EXERCISE MATERIALS =

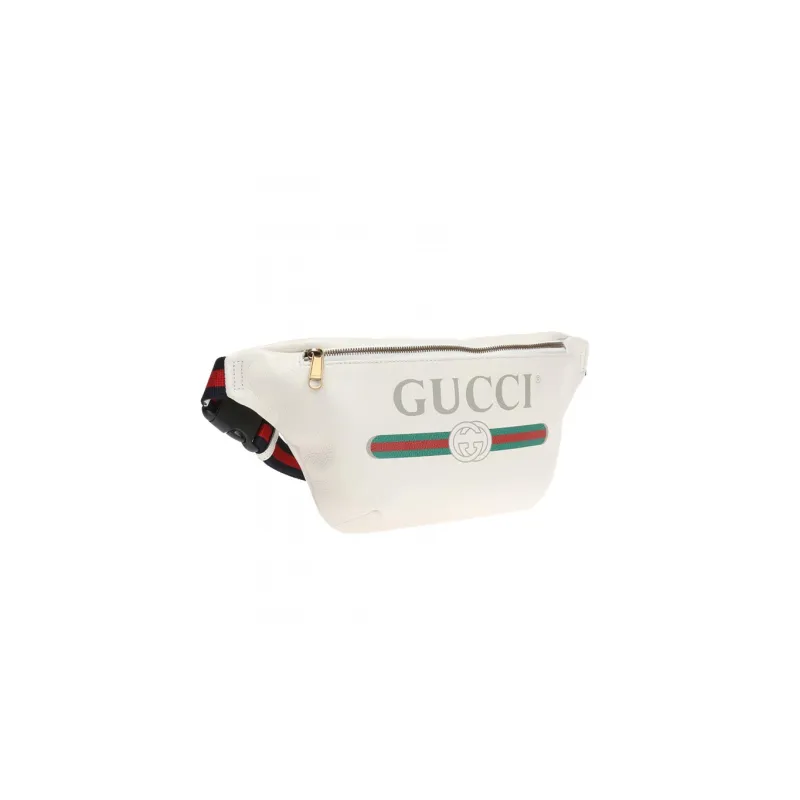 GUCCI Print Logo Small Fanny Pack Crossbody Bag Men White-3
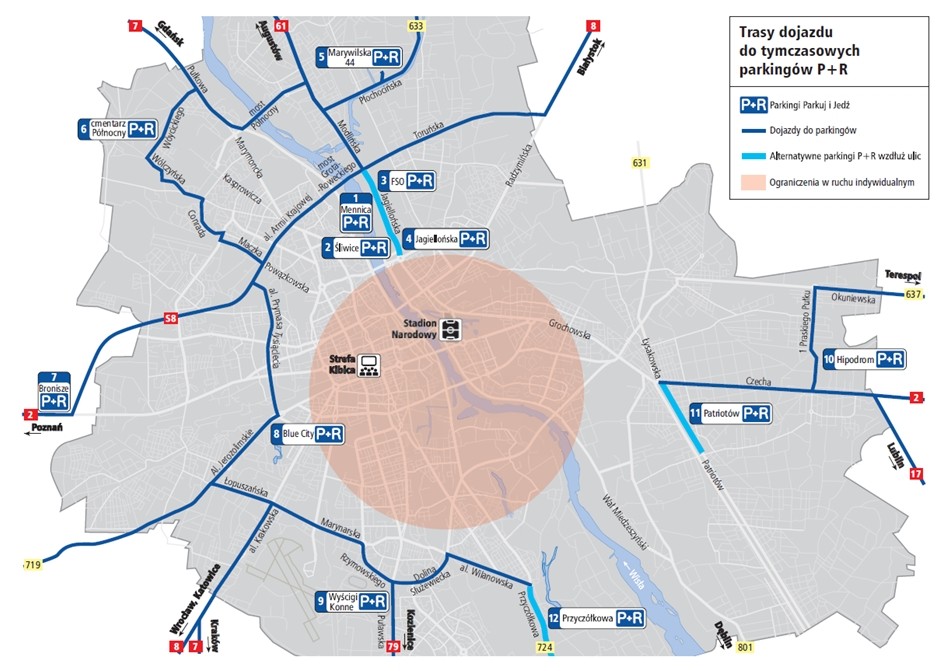 Warszawa - komunikacja na Euro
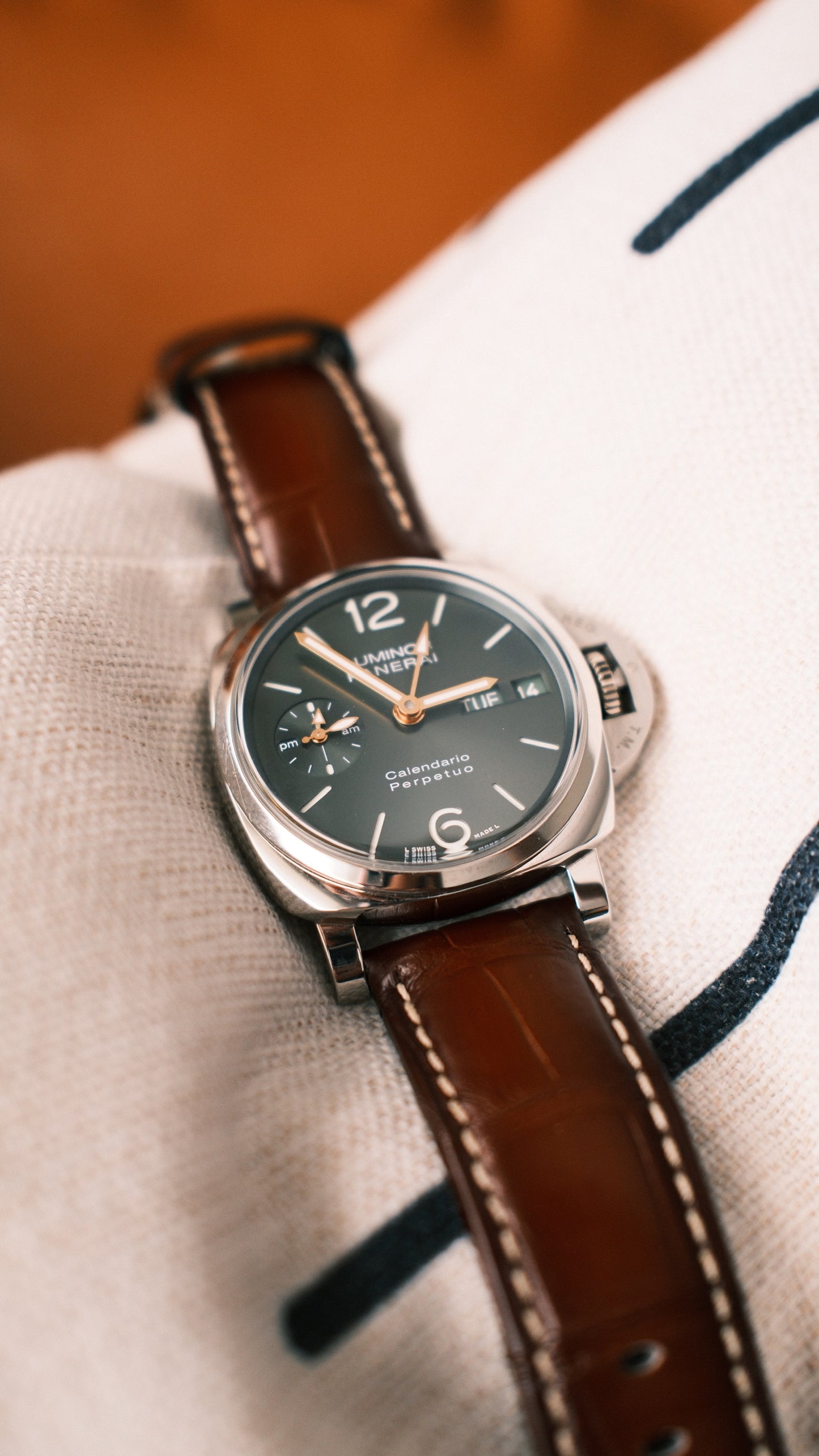 Panerai Luminor Perpetual Calendar PAM715 Platinumtech Green Dial 2024 (Full-Set/Unpolished)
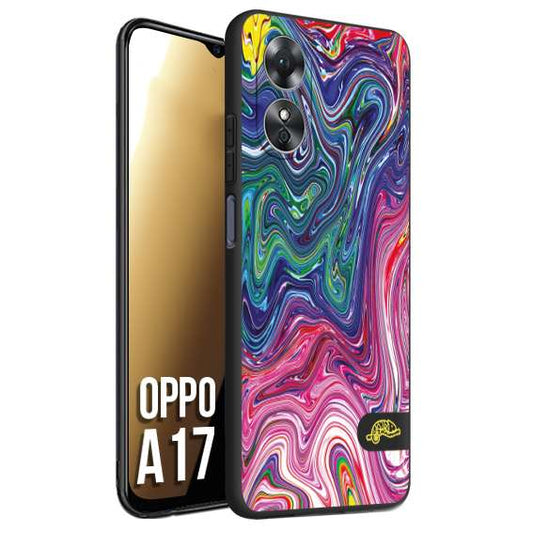 CUSTOMIZZA - Custodia cover nera morbida in tpu compatibile per Oppo A17 colorata fantasia vortice marmo arcobaleno rosa blu fucsia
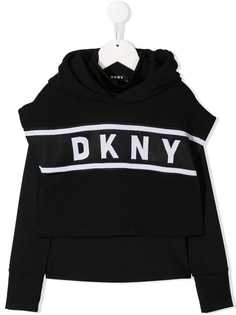 Dkny Kids двухслойная толстовка с капюшоном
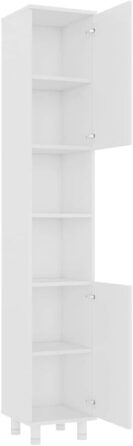 Шафа для ванної vidaXL, 6 відділень, 2 дверцята, білий, 30x30x179 см, ДСП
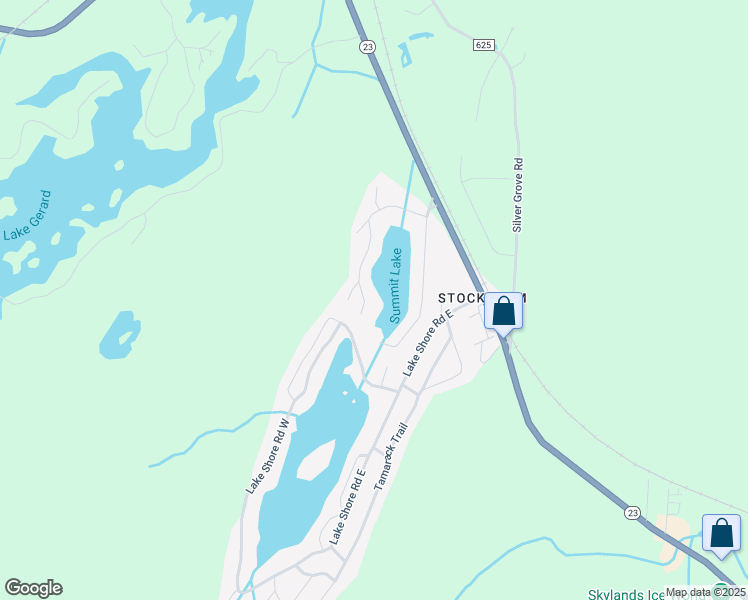 map of restaurants, bars, coffee shops, grocery stores, and more near 57 West Shore Trail in Hardyston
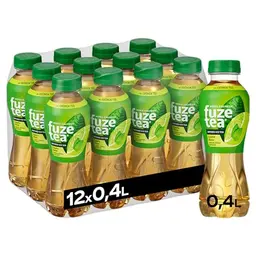 Fuze Tea Grüner Tee Limette Minze - erfrischender kalorienarmer Tee in Einwegflaschen (12 x 400 ml)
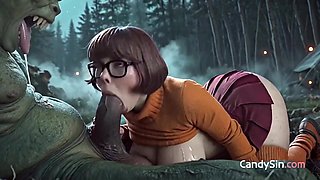 3D Daphne & Velma Take Monster Cock Deep In The Forest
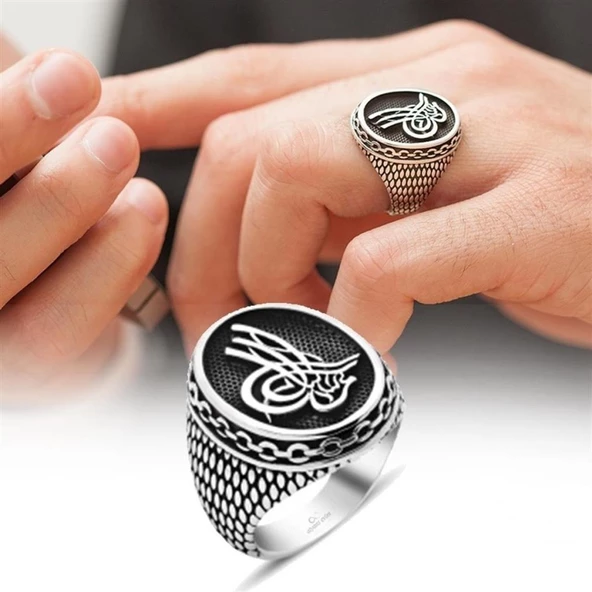 Oval Tuğra Desenli Gümüş Erkek Yüzük - 7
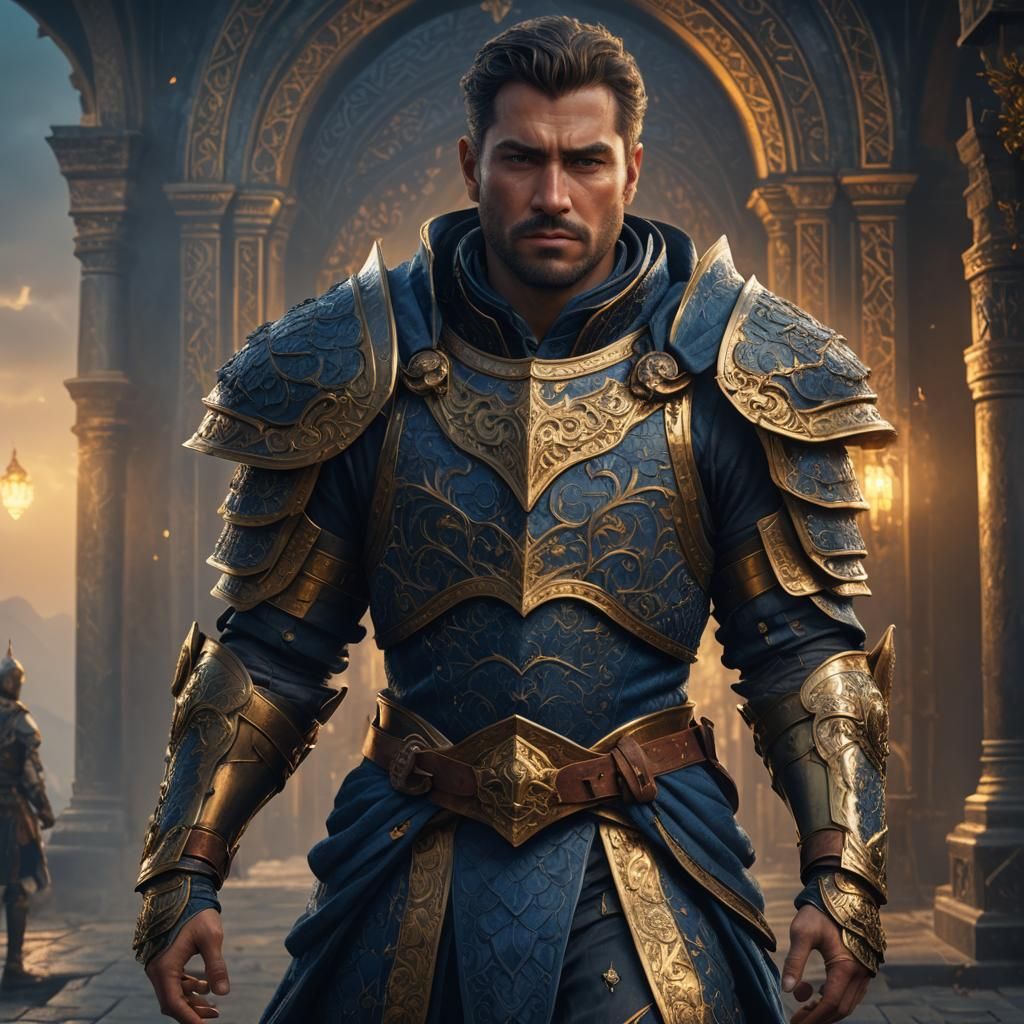 Handsome Armored Man in Fantasy Concept Art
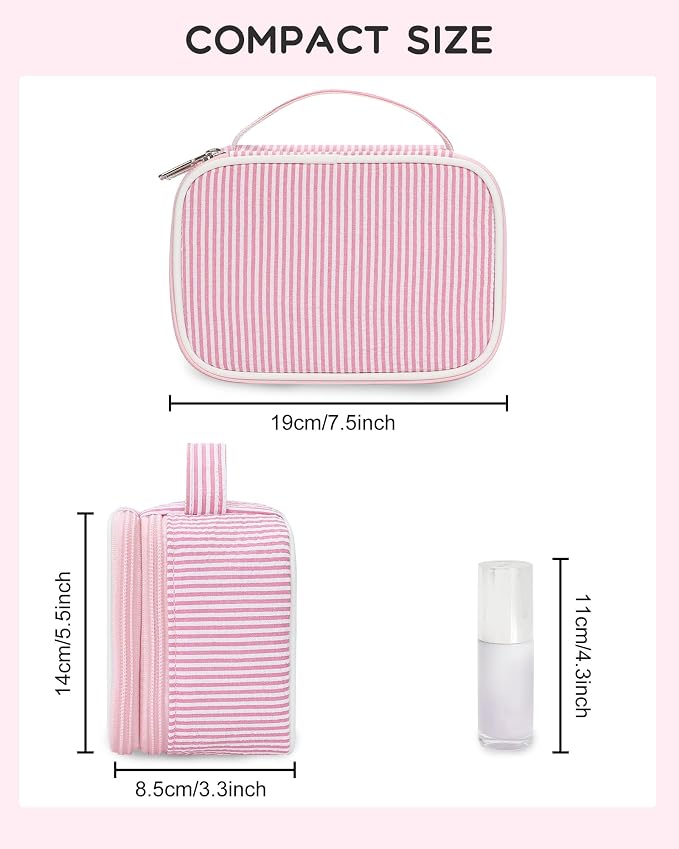Relavel Small Pink Cosmetic Bag with 2 Makeup Brush Holders, Pink Strip | 2-Layer Travel Makeup Bag, Portable Compact Makeup Pouch for Women, Cute Toiletry Bag with Double Layer Organizer - Image 2
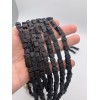 Каменные бусины, Вулканическая лава, черная, кубик 6х6 мм, длина нити 38 см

YOUR ASSIGNMENT =
No pictures belong in the copy. Repeat the entries exactly.

YOUR SOLUTION =
 GUCCI Print Logo Small Fanny Pack Crossbody Bag Men White-3
 Warszawa - komunikacja na Euro
 Panerai Luminor Perpetual Calendar PAM715 Platinumtech Green Dial 2024 (Full-Set/Unpolished)
 CUSTOMIZZA - Custodia cover nera morbida in tpu compatibile per Oppo A17 colorata fantasia vortice marmo arcobaleno rosa blu fucsia
 Dkny Kids двухслойная толстовка с капюшоном
 Шафа для ванної vidaXL, 6 відділень, 2 дверцята, білий, 30x30x179 см, ДСП
 map of restaurants, bars, coffee shops, grocery stores, and more near 57 West Shore Trail in Hardyston
 Fuze Tea Grüner Tee Limette Minze - erfrischender kalorienarmer Tee in Einwegflaschen (12 x 400 ml)
 3D Daphne & Velma Take Monster Cock Deep In The Forest
 Oval Tuğra Desenli Gümüş Erkek Yüzük - 7
 Handsome Armored Man in Fantasy Concept Art
Relavel Small Pink Cosmetic Bag with 2 Makeup Brush Holders, Pink Strip | 2-Layer Travel Makeup Bag, Portable Compact Makeup Pouch for Women, Cute Toiletry Bag with Double Layer Organizer - Image 2
 Каменные бусины, Вулканическая лава, черная, кубик 6х6 мм, длина нити 38 см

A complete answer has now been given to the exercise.